The second issue is the user experience. The refresh rate automatically drops back to 60Hz when the screen's brightness is set under 75%. That is because the Pixel 4 screens refresh at 60Hz when the screen is not being used, or showing animation running at 60fps or less. A tap of an idle display or faster running animation could quickly force the phone back into the 90Hz refresh rate setting, and this switch from 60Hz to 90Hz happens so often that an annoying flicker on the screen appears at lower brightness settings.

An Android commit that was discovered by XDA explained that human eyes are more sensitive to "flicker" at darker environments. By demanding that a Pixel 4 user have his screen brightness set at 75% or higher to enable the 90Hz refresh rate, Google is trying to keep him or her from seeing the flickering of the screen as the rate bounces back and forth between 60Hz and 90Hz.
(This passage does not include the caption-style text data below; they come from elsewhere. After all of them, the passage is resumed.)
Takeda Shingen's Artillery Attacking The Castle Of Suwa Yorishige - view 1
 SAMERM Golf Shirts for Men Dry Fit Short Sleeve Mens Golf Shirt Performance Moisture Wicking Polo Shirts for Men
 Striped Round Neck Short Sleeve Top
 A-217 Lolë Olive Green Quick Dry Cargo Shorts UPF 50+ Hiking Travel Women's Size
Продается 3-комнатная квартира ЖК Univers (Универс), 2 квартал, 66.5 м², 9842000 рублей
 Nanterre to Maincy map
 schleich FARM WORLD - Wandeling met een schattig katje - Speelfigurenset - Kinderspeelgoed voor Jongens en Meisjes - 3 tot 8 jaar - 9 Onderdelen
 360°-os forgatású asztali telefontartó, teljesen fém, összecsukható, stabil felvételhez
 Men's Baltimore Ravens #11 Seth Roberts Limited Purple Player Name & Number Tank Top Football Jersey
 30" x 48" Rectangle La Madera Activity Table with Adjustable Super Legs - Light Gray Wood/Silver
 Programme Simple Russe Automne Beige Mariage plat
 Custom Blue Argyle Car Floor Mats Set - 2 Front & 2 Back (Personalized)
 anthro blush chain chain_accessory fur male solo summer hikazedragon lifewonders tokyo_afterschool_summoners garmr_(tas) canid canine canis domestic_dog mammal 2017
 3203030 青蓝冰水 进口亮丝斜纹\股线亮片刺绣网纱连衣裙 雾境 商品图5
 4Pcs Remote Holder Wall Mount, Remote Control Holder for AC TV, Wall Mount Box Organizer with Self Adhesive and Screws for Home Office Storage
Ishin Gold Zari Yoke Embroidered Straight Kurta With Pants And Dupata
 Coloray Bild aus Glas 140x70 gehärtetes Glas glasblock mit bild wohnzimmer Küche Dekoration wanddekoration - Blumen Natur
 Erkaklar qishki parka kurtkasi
At least four apps have been blacklisted by Google and will only run at 60Hz


Additionally, source code discovered by 9to5Google lists four apps that will not allow the screen to refresh at 90Hz. The four apps are Google Maps, Pokémon Go, Waze, and WeChat. Even if the user is running an app that normally can refresh at 90Hz, if Google Maps is running inside that app using picture-in-picture, the entire screen will refresh at the lower speed. With Pokemon Go, the animation in the game is capped at 30fps which means that enabling the higher refresh rate would be a waste of battery power. Google blames "poor performance" for not enabling 90Hz on WeChat


As we pointed out the other day, users can force the screen to stick on 90Hz by using the Developer options setting. To enable this, go to Settings > About phone and tap on the build number seven times. A toggle setting in Developer option will keep the screen at 90Hz, eliminating the flicker, but causing the battery to drain faster. Also, it isn't clear whether forcing the 90Hz refresh rate on any of the four blacklisted apps would enable the faster speed. And even if it did, you probably wouldn't notice any difference except in the case of WeChat which, according to Google, looks worse at the faster refresh rate.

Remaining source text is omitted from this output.